##### Excerpted records #####

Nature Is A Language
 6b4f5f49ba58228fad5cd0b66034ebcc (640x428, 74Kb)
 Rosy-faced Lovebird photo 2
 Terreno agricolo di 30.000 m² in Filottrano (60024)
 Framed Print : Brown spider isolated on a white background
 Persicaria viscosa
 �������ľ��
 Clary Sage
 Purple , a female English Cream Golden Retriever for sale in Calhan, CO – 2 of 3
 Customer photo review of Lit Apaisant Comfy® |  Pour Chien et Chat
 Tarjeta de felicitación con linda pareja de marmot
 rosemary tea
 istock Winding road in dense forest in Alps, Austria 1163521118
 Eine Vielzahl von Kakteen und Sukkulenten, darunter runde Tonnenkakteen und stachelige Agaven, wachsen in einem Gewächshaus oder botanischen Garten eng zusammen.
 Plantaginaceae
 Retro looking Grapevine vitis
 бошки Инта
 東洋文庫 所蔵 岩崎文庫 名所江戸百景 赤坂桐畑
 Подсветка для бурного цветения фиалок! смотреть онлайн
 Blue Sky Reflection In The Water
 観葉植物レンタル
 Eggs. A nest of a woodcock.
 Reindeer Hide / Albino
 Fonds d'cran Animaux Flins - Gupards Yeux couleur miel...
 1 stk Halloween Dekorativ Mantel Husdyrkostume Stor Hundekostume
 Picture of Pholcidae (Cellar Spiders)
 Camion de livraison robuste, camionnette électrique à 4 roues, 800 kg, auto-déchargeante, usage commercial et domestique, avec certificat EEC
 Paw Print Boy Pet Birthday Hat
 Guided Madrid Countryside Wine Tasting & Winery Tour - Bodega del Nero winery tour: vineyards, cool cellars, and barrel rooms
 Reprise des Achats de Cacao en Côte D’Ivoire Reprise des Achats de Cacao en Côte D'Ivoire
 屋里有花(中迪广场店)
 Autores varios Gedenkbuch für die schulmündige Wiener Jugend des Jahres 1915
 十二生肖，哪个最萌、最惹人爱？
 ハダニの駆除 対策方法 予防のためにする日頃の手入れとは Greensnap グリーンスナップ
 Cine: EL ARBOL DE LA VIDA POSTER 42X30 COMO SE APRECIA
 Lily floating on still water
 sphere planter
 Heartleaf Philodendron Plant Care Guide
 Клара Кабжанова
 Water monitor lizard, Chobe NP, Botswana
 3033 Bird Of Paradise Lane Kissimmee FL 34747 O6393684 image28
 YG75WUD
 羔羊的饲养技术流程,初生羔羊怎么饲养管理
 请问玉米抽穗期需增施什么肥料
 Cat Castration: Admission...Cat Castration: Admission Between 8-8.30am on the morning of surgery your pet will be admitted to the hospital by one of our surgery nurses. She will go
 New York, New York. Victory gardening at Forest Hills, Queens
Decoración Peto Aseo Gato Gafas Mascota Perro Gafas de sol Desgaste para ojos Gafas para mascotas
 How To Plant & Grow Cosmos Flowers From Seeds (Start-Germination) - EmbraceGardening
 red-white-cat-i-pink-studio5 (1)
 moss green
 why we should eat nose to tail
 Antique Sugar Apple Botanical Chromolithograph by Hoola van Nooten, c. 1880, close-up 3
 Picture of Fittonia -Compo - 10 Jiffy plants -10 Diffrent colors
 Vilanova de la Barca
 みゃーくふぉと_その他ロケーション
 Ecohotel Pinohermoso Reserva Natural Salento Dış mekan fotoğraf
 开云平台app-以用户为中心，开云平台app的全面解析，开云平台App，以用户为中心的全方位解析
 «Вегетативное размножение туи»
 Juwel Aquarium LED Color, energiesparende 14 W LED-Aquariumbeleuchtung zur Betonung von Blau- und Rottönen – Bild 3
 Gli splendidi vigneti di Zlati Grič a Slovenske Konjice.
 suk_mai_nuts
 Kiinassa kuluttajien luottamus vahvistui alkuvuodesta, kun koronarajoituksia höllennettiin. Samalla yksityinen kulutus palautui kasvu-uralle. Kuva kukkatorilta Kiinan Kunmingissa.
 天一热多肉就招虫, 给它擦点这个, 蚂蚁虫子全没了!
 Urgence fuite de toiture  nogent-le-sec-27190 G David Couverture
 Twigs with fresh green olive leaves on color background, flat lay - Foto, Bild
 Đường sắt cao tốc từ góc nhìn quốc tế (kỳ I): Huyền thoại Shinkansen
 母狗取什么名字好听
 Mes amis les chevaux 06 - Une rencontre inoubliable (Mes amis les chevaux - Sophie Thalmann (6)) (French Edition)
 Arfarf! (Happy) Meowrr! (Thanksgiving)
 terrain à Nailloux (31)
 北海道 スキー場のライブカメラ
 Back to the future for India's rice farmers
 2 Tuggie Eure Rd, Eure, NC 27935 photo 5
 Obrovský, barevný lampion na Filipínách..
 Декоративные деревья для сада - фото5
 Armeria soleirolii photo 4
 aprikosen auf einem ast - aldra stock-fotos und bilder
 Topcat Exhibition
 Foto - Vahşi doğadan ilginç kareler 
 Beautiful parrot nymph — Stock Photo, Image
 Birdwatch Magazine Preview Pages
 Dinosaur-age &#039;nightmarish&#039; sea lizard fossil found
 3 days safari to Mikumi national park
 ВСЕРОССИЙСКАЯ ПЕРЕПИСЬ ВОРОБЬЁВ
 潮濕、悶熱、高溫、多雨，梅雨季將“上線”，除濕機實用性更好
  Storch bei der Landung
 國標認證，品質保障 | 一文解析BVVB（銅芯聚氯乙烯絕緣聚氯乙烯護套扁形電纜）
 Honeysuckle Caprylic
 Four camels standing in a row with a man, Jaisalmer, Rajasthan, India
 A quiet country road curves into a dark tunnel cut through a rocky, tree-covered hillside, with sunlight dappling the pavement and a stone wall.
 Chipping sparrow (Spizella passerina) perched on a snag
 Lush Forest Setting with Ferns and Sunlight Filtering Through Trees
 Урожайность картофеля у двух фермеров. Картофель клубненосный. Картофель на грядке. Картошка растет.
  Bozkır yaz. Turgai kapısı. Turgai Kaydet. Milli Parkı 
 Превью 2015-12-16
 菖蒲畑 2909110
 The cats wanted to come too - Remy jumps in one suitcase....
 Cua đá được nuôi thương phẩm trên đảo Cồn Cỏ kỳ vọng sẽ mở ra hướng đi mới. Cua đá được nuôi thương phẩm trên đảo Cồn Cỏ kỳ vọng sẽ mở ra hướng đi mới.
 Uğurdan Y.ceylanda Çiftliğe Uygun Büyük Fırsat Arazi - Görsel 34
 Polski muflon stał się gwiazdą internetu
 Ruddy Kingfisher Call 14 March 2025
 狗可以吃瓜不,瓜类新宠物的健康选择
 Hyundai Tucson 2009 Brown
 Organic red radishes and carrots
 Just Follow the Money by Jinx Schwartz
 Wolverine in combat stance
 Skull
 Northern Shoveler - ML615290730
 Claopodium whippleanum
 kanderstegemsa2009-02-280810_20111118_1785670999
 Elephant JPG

#####

Work to be completed
Report each line in the entries where the string "einem" occurs.

Response to the exercise
 Eine Vielzahl von Kakteen und Sukkulenten, darunter runde Tonnenkakteen und stachelige Agaven, wachsen in einem Gewächshaus oder botanischen Garten eng zusammen.
 aprikosen auf einem ast - aldra stock-fotos und bilder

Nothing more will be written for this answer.